2019年春夏ミラノメンズでは、バッグが急速に小型化している。ほとんどのことがスマホ一台で片付いてしまう時代、すでに「A4の書類が入るか、否か?」なんて選択基準は過去のものとなり、最近では「ネック・ウォレット(首から下げる財布サイズの革小物のこと)」なんて呼ばれる商品も登場しているが、「ヴェルサーチ(VERSACE)」を筆頭にウィメンズのクロスボディーバッグをメンズにコーディネートするブランドが増えている。多様性が叫ばれる時代のせいか?男女の境界線は再び曖昧となり、2つの世界のクロスオーバーが盛んだ。「プラダ(PRADA)」も、そんなブランドの代表格。フリル付きのシャツさえ登場するコレクションのアクセサリーは、レディライクな小ぶりバッグだ。
今シーズンの「プラダ」は、巷のストリートブーム、ビッグボリューム一辺倒のスタイル提案から距離を置き、“ミニマル”や“スリーク(Sleek. 「艶やか」という意味の英語)”などをテーマに1960年代のスタイルをベースにしたメンズエレガンスを提案した。シルエットは基本、スキニー。日本製というポリエステル100%のテクノジャージー、ポリウレタンを混紡したような弾性と膨らみを持つニットジャージー、そして当時のスイムウエアから着想したベリーショート丈のショーツなどは体にピッタリフィット。そこにレトロなフラワープリントなどを加えた。
色も鮮やかで、ニットジャージーのスニーカーはもちろん、デッキシューズにもあらゆる色を用い、その印象を大きく変える。唯一ボリュームたっぷりなのは、ウィメンズの19年プレ・スプリング・コレクション(クルーズ・コレクション)にも登場した、ジョン・ガリアーノ(John Galliano)へのオマージュとも言われるミリタリーハットくらいだ。

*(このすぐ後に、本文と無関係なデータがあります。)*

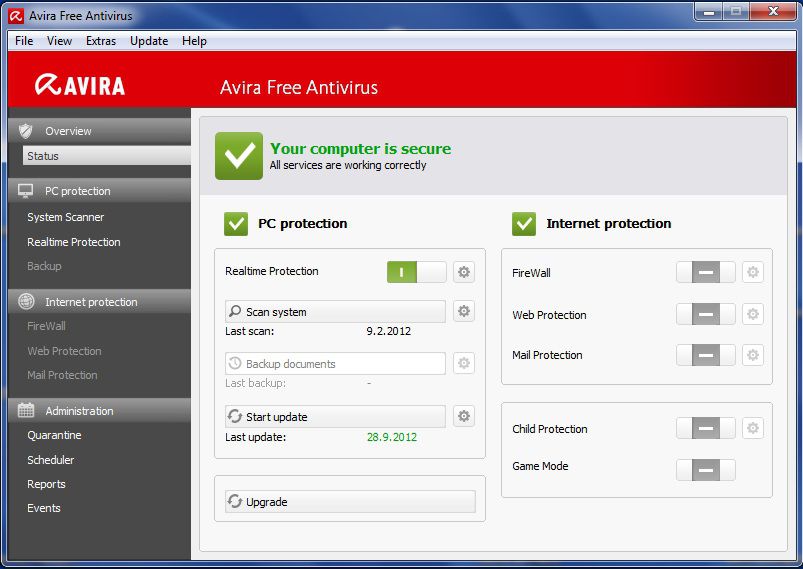 Avira Free Antivirus 2013  screen2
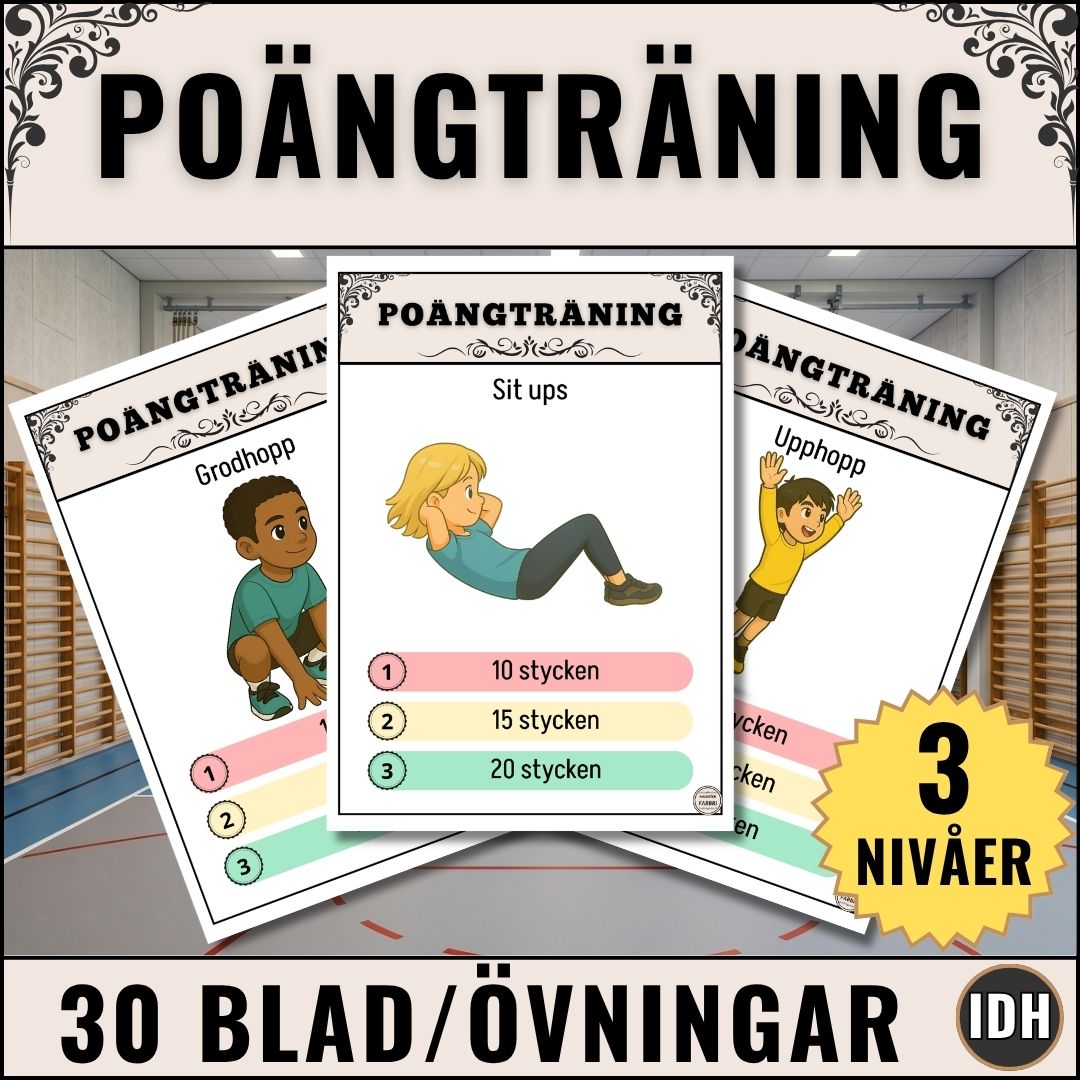 Poängträning är en träningsform där man kan samla poäng genom att göra olika typer av träningsövningar Perfekt pulshöjande aktivitet för idrottslektionen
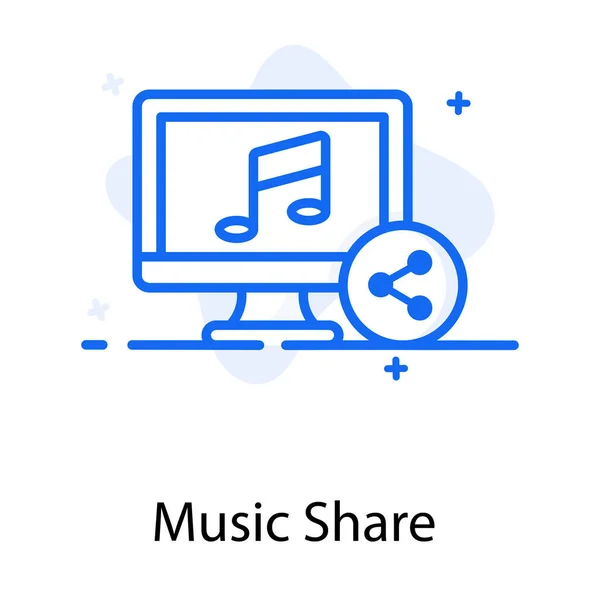 Nota Música Dentro Del Monitor Con Símbolo Compartir Icono Compartir — Archivo Imágenes Vectoriales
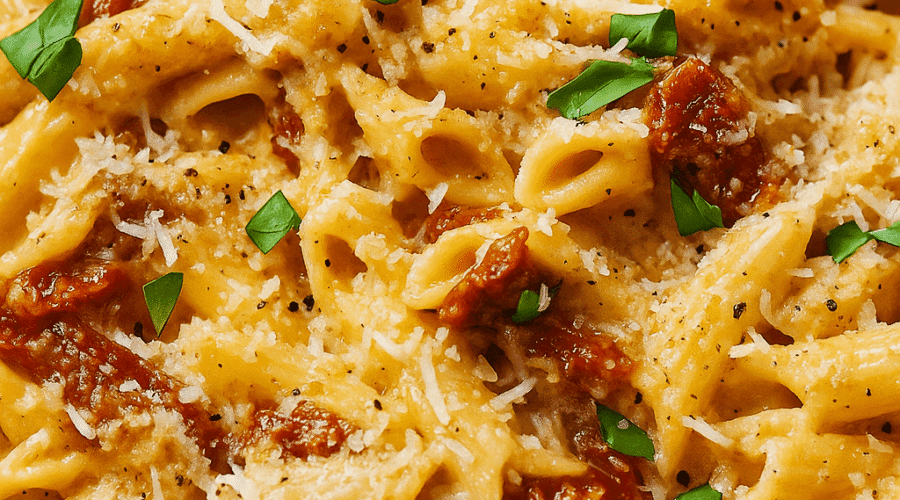 Creamy sun-dried tomato pasta tossed with penne, garlic, and parmesan cheese—served hot in a white bowl as a rich, flavorful high-protein vegetarian meal.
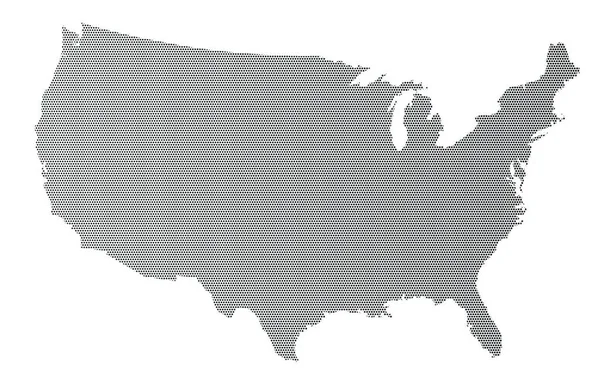 Mapa Silueta Semitono Los Estados Unidos América Sobre Fondo Blanco — Archivo Imágenes Vectoriales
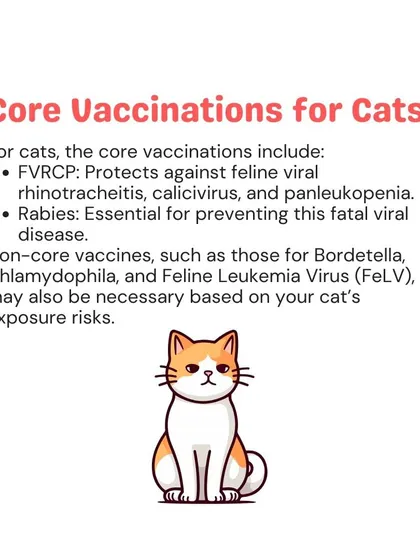 Core vaccinations for cats include FVRCP and Rabies, which protect against fatal viral diseases. I can assess if your cat needs additional non-core vaccines based on whether they spend time outdoors.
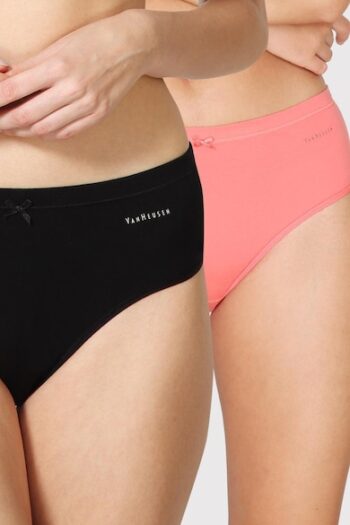 Van Heusen 11109 Women Assorted Pack of 2 Solid Anti Bacterial Full Coverage Hipster Panty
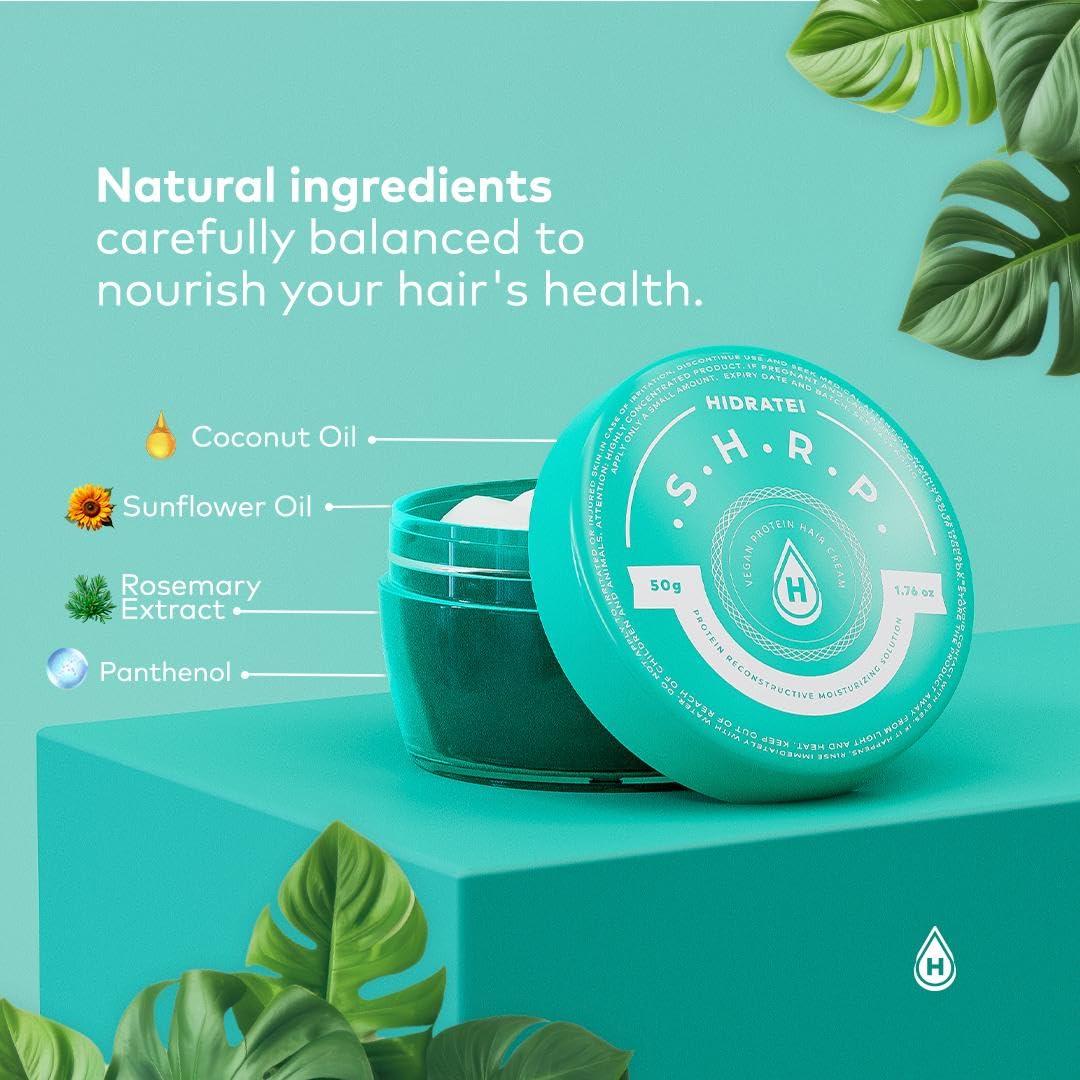 Hidratei Brazilian Beauty Hair Protein Cream | Damaged & Dry Hair Treatment | Split End Repair | Deep Hydration | Leave in Treatment | Moisturize and Shine | Hair Repair 1.76 Oz.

バッグも、レディライクな小ぶりのクロスボディーが多い。クジラなどのマリンモチーフをプリントしたサコッシュのようなバッグは、男女でシェアできそうなアイテムだ。一方、ウィメンズの定番バッグ“ガレリア”は、メンズサイズに大きく。ナップサックなど、豊富なバリエーションがそろう。アクセサリーが主役のシーズンだ。